Now product info is stored once, referenced by foreign key.

Third Normal Form (3NF): No Transitive Dependencies

Rule: Must be in 2NF, and non-key columns must depend directly on the primary key, not on other non-key columns. Problem solved: Data dependency on non-key attributes.

Violates 3NF

Department location depends on department, not directly on employee_id.

employees (BAD):
┌─────────────┬────────┬─────────────┬───────────────────┐
│ employee_id │ name   │ department  │ dept_location     │
├─────────────┼────────┼─────────────┼───────────────────┤
│ 1           │ Alice  │ Engineering │ Building A        │
│ 2           │ Bob    │ Engineering │ Building A        │
│ 3           │ Charlie│ Sales       │ Building B        │
└─────────────┴────────┴─────────────┴───────────────────┘

Problem: dept_location depends on department, 
not directly on employee_id (transitive dependency)

Fixed: 3NF Compliant

Department details in separate table.

departments:
┌────────────────┬─────────────┬──────────┐
│ department_id  │ dept_name   │ location │
├────────────────┼─────────────┼──────────┤
│ 1              │ Engineering │ Bldg A   │
│ 2              │ Sales       │ Bldg B   │
└────────────────┴─────────────┴──────────┘

employees:
┌─────────────┬─────────┬───────────────┐
│ employee_id │ name    │ department_id │
├─────────────┼─────────┼───────────────┤
│ 1           │ Alice   │ 1             │
│ 2           │ Bob     │ 1             │
│ 3           │ Charlie │ 2             │
└─────────────┴─────────┴───────────────┘

If Engineering moves to Building C, update one row, not two.
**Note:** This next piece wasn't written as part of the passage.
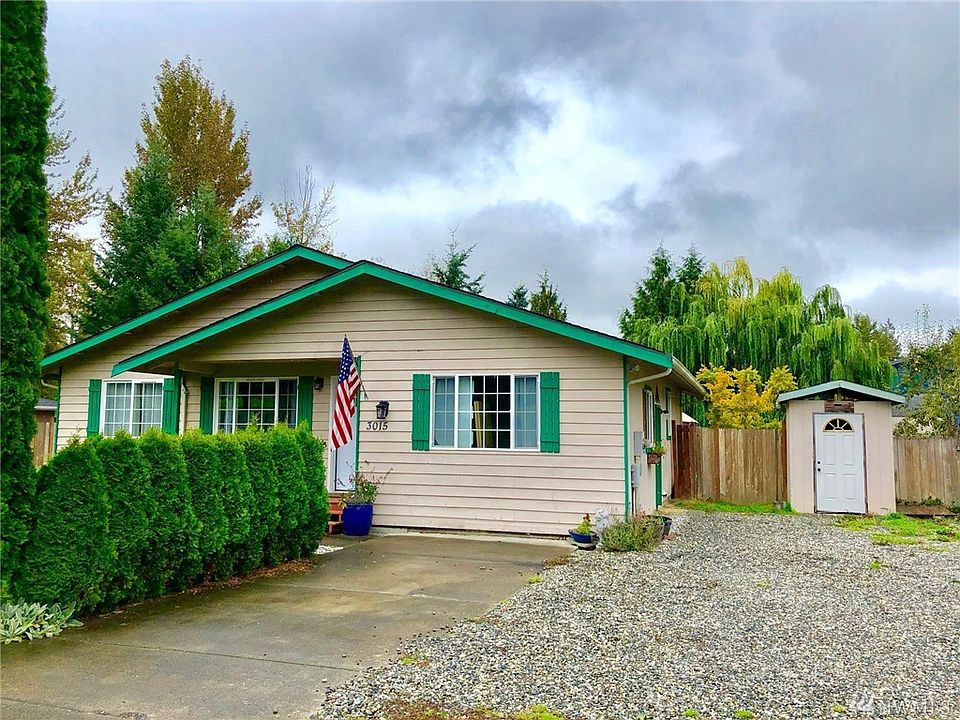 1st image of 3015 185th Pl NE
Boyce-Codd Normal Form (BCNF): Stricter 3NF

Rule: Every determinant must be a candidate key. BCNF is slightly stricter than 3NF and handles edge cases where 3NF isn't enough. Problem solved: Anomalies from multiple overlapping keys.
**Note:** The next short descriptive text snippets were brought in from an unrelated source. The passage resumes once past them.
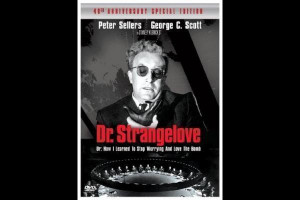 Dr. Strangelove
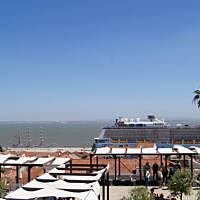 Moje spojrzenie na Portugalię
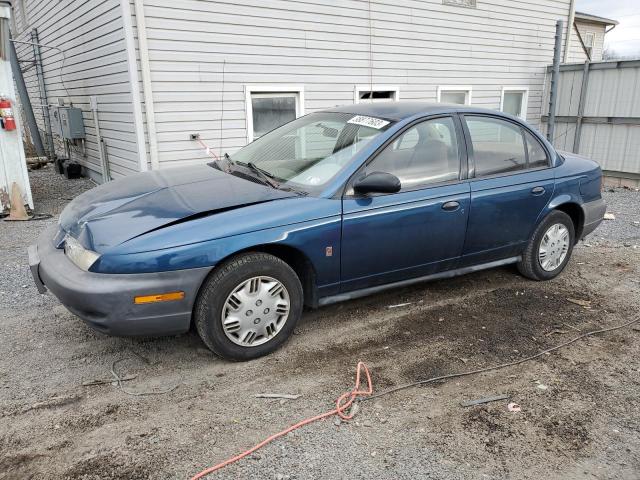 1997 Saturn SL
Violates BCNF (but satisfies 3NF)

A professor teaches one subject, but a subject can be taught by multiple professors. For simplicity using `professor` but should be `professor_id` via a `professor` table.
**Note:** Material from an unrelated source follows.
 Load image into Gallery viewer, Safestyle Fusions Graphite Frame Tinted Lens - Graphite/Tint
teaching_assignments (BAD):
┌────────────┬─────────────┬───────────┐
│ student_id │ subject     │ professor │
├────────────┼─────────────┼───────────┤
│ 1          │ Math        │ Dr. Smith │
│ 1          │ Physics     │ Dr. Jones │
│ 2          │ Math        │ Dr. Smith │
│ 3          │ Math        │ Dr. Smith │
└────────────┴─────────────┴───────────┘

Primary Key: (student_id, subject)
Problem: professor depends on subject (not the full key)
But professor → subject (Dr. Smith always teaches Math)
This dependency isn't captured by the key

Fixed: BCNF Compliant

Separate professor-subject relationship.

professor_subjects:
┌─────────────┬─────────┐
│ professor   │ subject │
├─────────────┼─────────┤
│ Dr. Smith   │ Math    │
│ Dr. Jones   │ Physics │
└─────────────┴─────────┘

student_enrollments:
┌────────────┬─────────────┐
│ student_id │ professor   │
├────────────┼─────────────┤
│ 1          │ Dr. Smith   │
│ 1          │ Dr. Jones   │
│ 2          │ Dr. Smith   │
│ 3          │ Dr. Smith   │
└────────────┴─────────────┘
BCNF vs 3NF: Most tables that are in 3NF are also in BCNF. BCNF matters when you have overlapping candidate keys or complex functional dependencies.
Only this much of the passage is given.